>>>

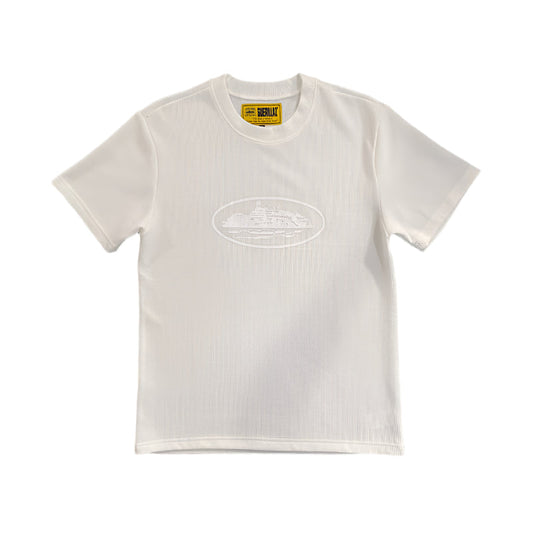 CORTEIZ INSIGNIA WAFFLE TEE WHITE - Phantom Kicks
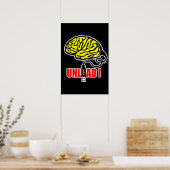 Entladen des Gehirns Poster (Küche)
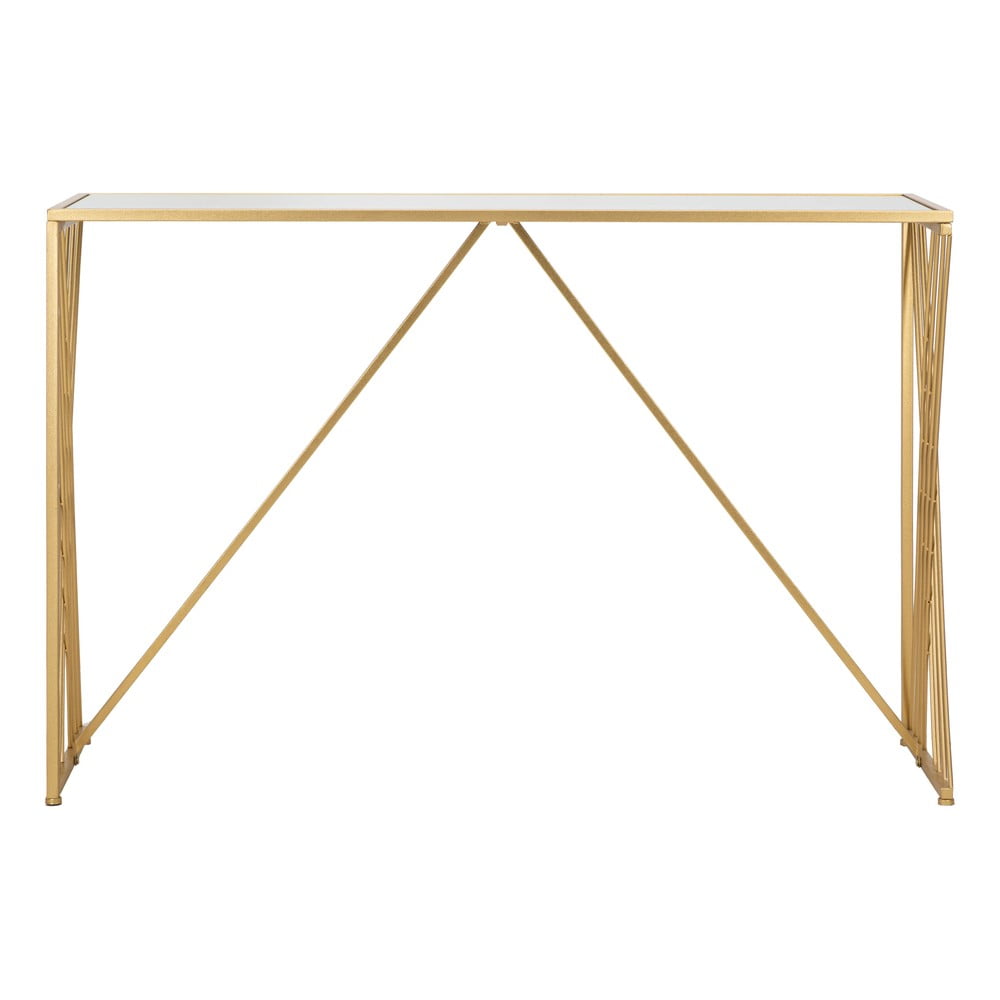Aranyszínű konzolasztal 40x120 cm Easy – Mauro Ferretti
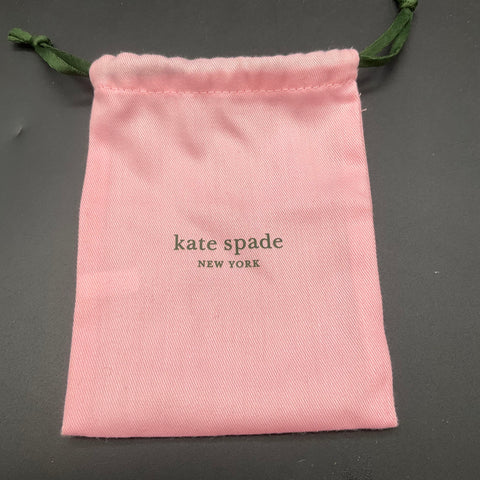 Kate Spade New York Blushing Blooms Red Pink Enamel Floral Statement Necklace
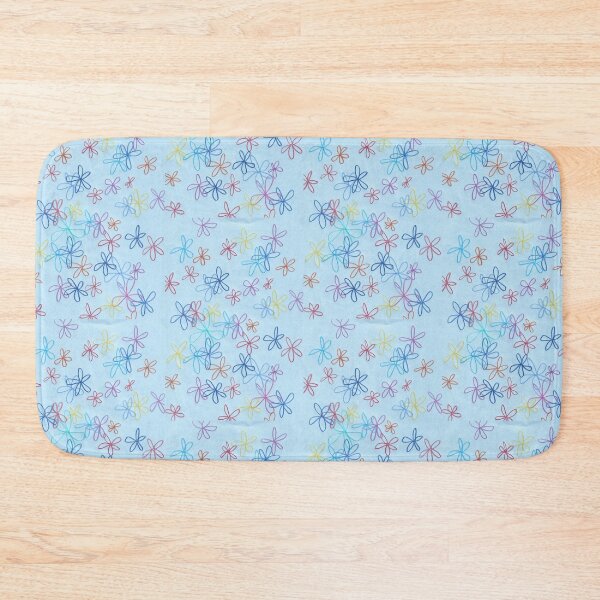 Item preview, doodle flowers (blue version) designed and sold by LailaGClark.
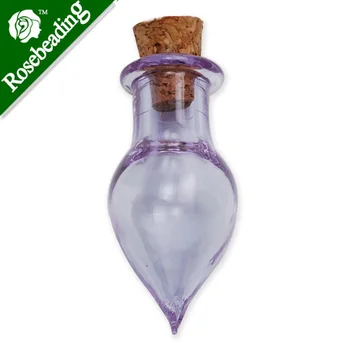 Farebné slza tvar Drobné korkový ampulka prázdne malé sklenené fľaše,ktorí chcú fľaše,sklo jar,drobné korkový fľaše,predáva 10pcs-100271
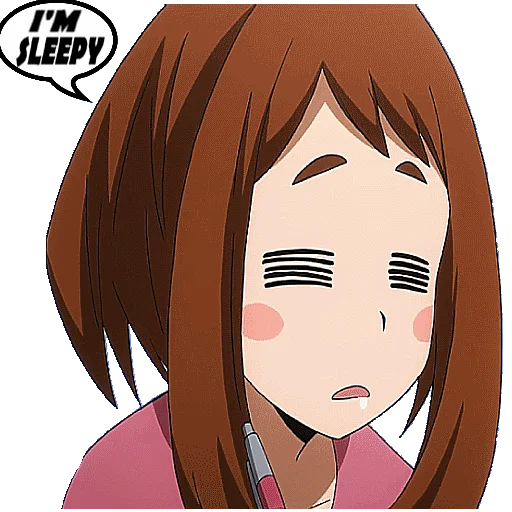 Sticker from the "OCHAKO URARAKA" sticker pack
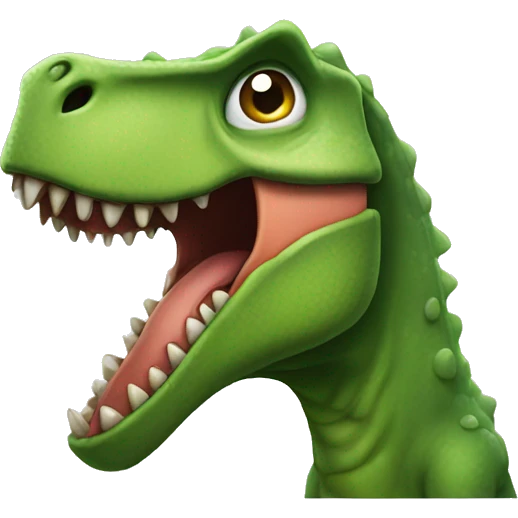 Dinosaur that doesn’t feel well  emoji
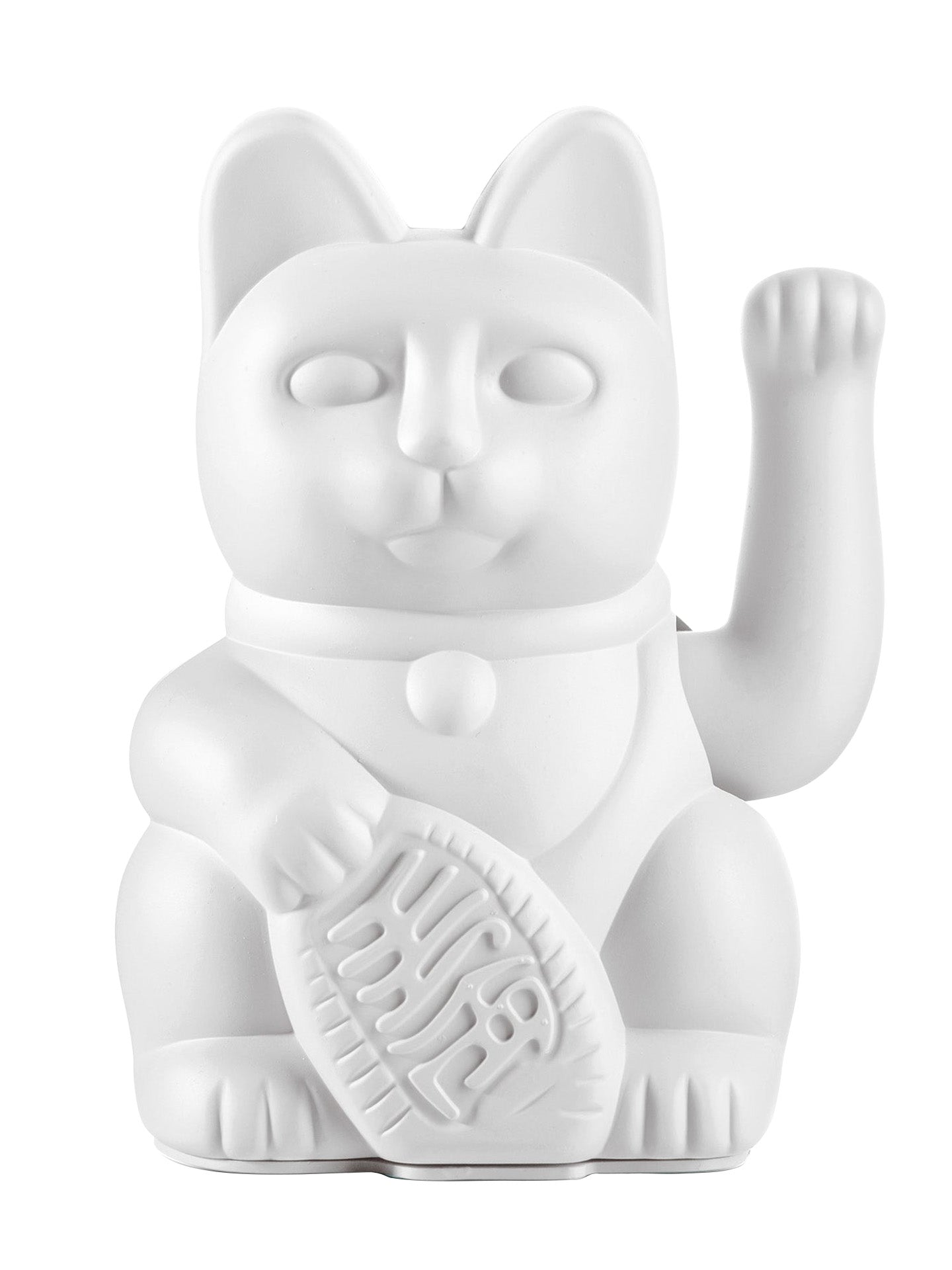 Waving Lucky Cat, White (Peace)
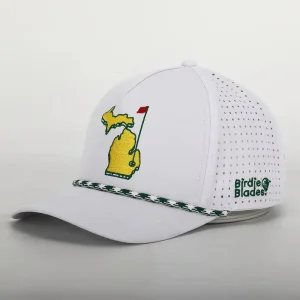 Custom Rope Baseball Cap Water Resistant 5 Panel Performance Hat Laser Cut Perforated Sport Cap Embroidery Logo Snapback for Men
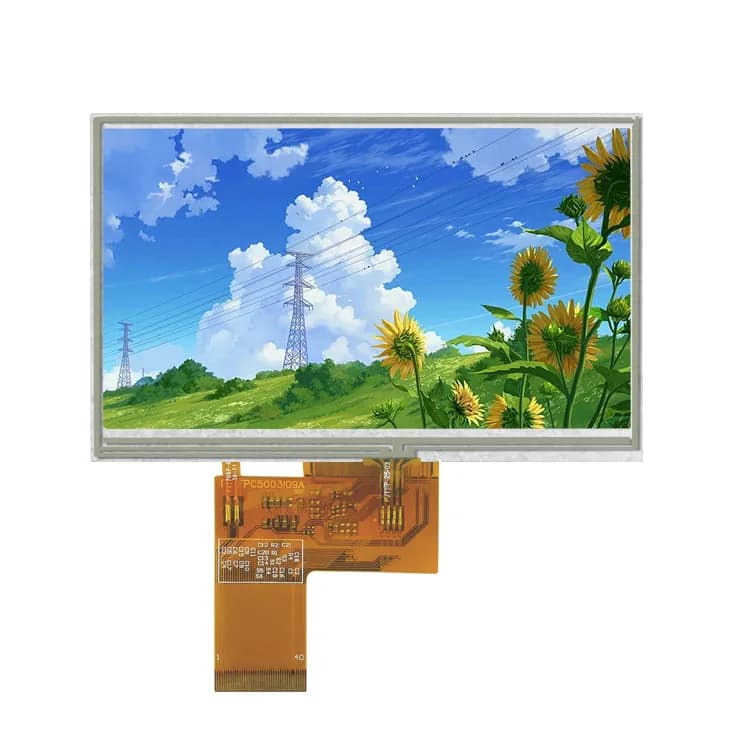 5" 480×272 TFT LCD, RGB (PJ5003I09-40H40P400R)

<<<

Could you give again precisely the lines from the one containing "Aranyszínű konzolasztal 40x120" through the final line of the material above, both included, and no others, dropping the pictures?

### Response for this exercise:
Aranyszínű konzolasztal 40x120 cm Easy – Mauro Ferretti
 Kate Spade New York Blushing Blooms Red Pink Enamel Floral Statement Necklace
 Item preview, doodle flowers (blue version) designed and sold by LailaGClark.
 Farebné slza tvar Drobné korkový ampulka prázdne malé sklenené fľaše,ktorí chcú fľaše,sklo jar,drobné korkový fľaše,predáva 10pcs-100271
 Sticker from the "OCHAKO URARAKA" sticker pack
 Dinosaur that doesn’t feel well  emoji
 Waving Lucky Cat, White (Peace)
 Custom Rope Baseball Cap Water Resistant 5 Panel Performance Hat Laser Cut Perforated Sport Cap Embroidery Logo Snapback for Men
 5" 480×272 TFT LCD, RGB (PJ5003I09-40H40P400R)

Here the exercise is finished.